Il modello incentrato sul creator di Kick:

  • Programma di Incentivi per Creator di Kick: Una vera svolta per alcuni, questo programma ha riferito di offrire a determinati streamer un salario orario stabile per il loro tempo di trasmissione, a condizione che soddisfino requisiti come un numero minimo di ore di streaming e interazione con gli spettatori.
  • Regali virtuali e donazioni: Pur non avendo una valuta nativa per le mance come i Bit, Kick supporta i regali virtuali e permette agli streamer di integrare strumenti di donazione di terze parti.
  • Pubblicità meno invasiva: Kick si è concentrata su modelli pubblicitari meno dirompenti, come i banner sul profilo di un creator, piuttosto che su annunci video pre-roll o mid-roll.
  • Monetizzazione esterna: Come su Twitch, i creator su Kick sono incoraggiati a perseguire sponsorizzazioni, accordi di affiliazione e abbonamenti a contenuti esclusivi tramite piattaforme come Patreon.

Un caso di studio sui guadagni: l'esempio di Mhyochi

La drastica differenza nel potenziale di guadagno è stata notoriamente evidenziata dalla streamer Mhyochi. Dopo aver precedentemente trasmesso su entrambe le piattaforme, ha condotto uno streaming di 13 ore esclusivamente su Kick guadagnando 1.575 $. Ha pubblicamente confrontato questa cifra con i circa 140 $ che avrebbe guadagnato da uno streaming comparabile su Twitch.
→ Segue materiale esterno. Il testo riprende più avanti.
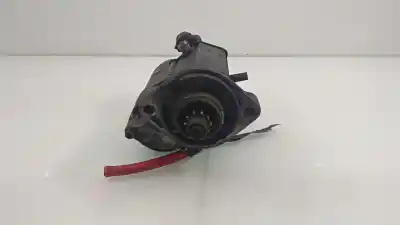 Second-hand car spare part STARTER MOTOR for SSANGYONG MUSSO  OEM IAM references A6611513501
Questo esempio reale mostra come la combinazione di un'alta suddivisione degli abbonamenti e potenziali incentivi per i creator di Kick possa tradursi in guadagni diretti significativamente più alti per una singola trasmissione.

Visibilità, contenuti e community

Oltre agli aspetti finanziari, le piattaforme offrono ambienti fondamentalmente diversi per la crescita e la creazione di contenuti.

  • Pubblico e visibilità: Per un nuovo streamer, l'ambiente più piccolo e meno saturo di Kick può rendere più facile farsi scoprire. Tuttavia, l'enorme base di utenti di Twitch, con circa 140 milioni di utenti attivi mensili, presenta un oceano molto più vasto di potenziali spettatori per una crescita a lungo termine, sebbene sia molto più difficile emergere.
  • Libertà di contenuto vs. sicurezza per i brand: Kick ha coltivato un'immagine di indulgenza, consentendo contenuti come lo streaming di gioco d'azzardo che sono limitati su Twitch. Questo offre ai creator maggiore libertà, ma può essere una preoccupazione per gli inserzionisti. Le politiche sui contenuti e la moderazione più severe di Twitch creano un ambiente più "sicuro per i brand" (brand-safe), che è spesso più attraente per le grandi sponsorizzazioni aziendali.

Il verdetto del 2025: una piattaforma per ogni priorità

In definitiva, nessuna delle due piattaforme è nettamente superiore nel 2025. La scelta ideale è strategica e si basa sugli obiettivi individuali di un creator.

Scegli Kick se:

  • Il tuo obiettivo primario è massimizzare i ricavi diretti dalla tua community.
  • Desideri maggiore libertà creativa e meno restrizioni sui contenuti.
  • Hai già un pubblico che puoi portare con te per capitalizzare immediatamente i benefici finanziari.

Scegli Twitch se:

  • La tua priorità principale è raggiungere il pubblico più vasto possibile per il massimo potenziale di crescita.
  • Apprezzi strumenti consolidati e integrati per la costruzione della community e un ecosistema robusto.
  • Sei concentrato sulla costruzione di un'immagine "sicura per i brand" per attrarre importanti sponsorizzazioni.

La forte concorrenza tra Kick e Twitch ha innegabilmente portato vantaggi ai creator, costringendo entrambe le piattaforme a innovare e a offrire motivi più convincenti per scegliere il loro servizio. Mentre il panorama continua a evolversi, gli streamer devono soppesare la promessa di guadagni di Kick contro la vastità e il potere consolidato dell'impero di Twitch.